Elu récemment maire du Kram, ville de la banlieue nord de Tunis, où il veut faire régner la charia (loi islamique), Me Fathi Layouni cherche à plaire à ses nouveaux maîtres d’Ennahdha. Mais il ne peut faire oublier son passé au service du dictateur Ben Ali.

Par Imed Bahri

En effet, tous les collègues avocats de Me Layouni savent qu’il était membre du Rassemblement constitutionnel démocratique (RCD), l’ancien parti au pouvoir sous la dictature de Ben Ali, depuis 1991. Et sa proximité avec l’ancien régime a laissé de nombreuses traces, notamment le livre en arabe qu’il avait publié en 1997 (une reprise de son mémoire de fin d’étude) sur ‘‘Les crimes financiers dans la législation tunisienne et les législations comparées’’.

Un passé peu glorieux de lèche-bottes de Ben Ali

Sous ce titre trompeur d’une recherche universitaire se cache un ouvrage de propagande politique réalisé à l’instigation d’Abdelaziz Ben Dhia, l’ancien conseiller politique de Ben Ali. Dans sa préface au livre, Salah Bouras, alors président de la cour d’appel de Tunis, présente ce dernier comme le sauveur de la Tunisie, l’architecte du changement historique et le grand ennemi des corrompus, conformément à la logorrhée dominante à l’époque dans la presse officielle.

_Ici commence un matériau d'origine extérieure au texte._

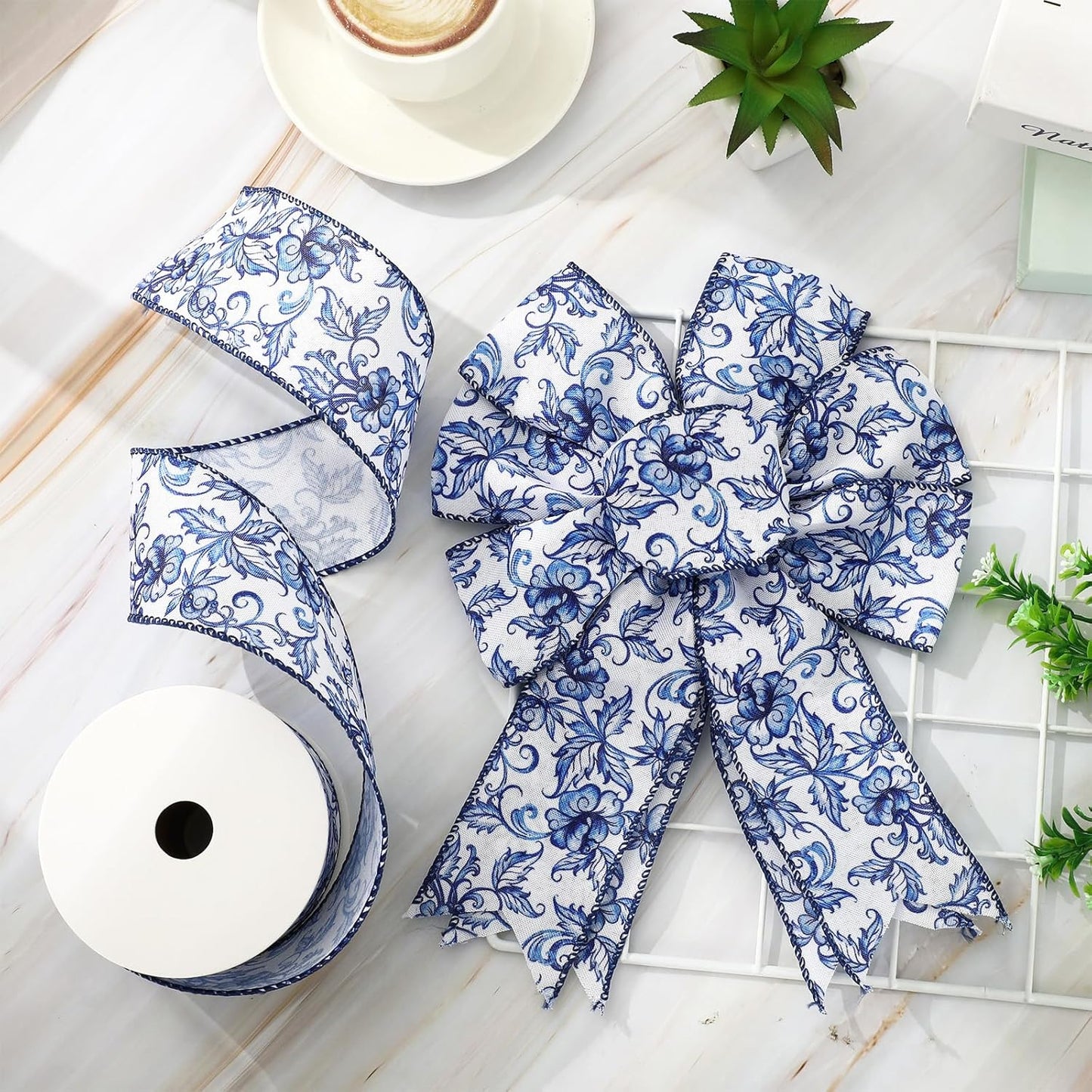 Blue White Floral Wired Edge Ribbon Roll Vintage Watercolor Flower Craft Ribbon Chinoiserie Fabric Ribbon for Wreath Bow Making DIY Craft Wrapping Party Supplies, 12 Yard - Crafty Corner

Une phrase extraite de ce livre en dit long sur l’opportunisme politique de Me Layouni, qui cire les chaussures du dictateur en espérant bénéficier de ses coups de pouce salutaires. «La Tunisie, après le changement historique du 7 novembre 1987, a commencé une politique d’ouverture et de libéralisation consistant en plusieurs lois qui encouragent l’investissement pour renforcer l’économie nationale… Après ces multiples réformes, son Excellence le Président Zine Al-Abidine Ben Ali a annoncé, le 27 décembre 1992, la libéralisation du dinar tunisien, une mesure qui a eu un impact considérable sur la prospérité économique de la Tunisie…», écrit-il notamment.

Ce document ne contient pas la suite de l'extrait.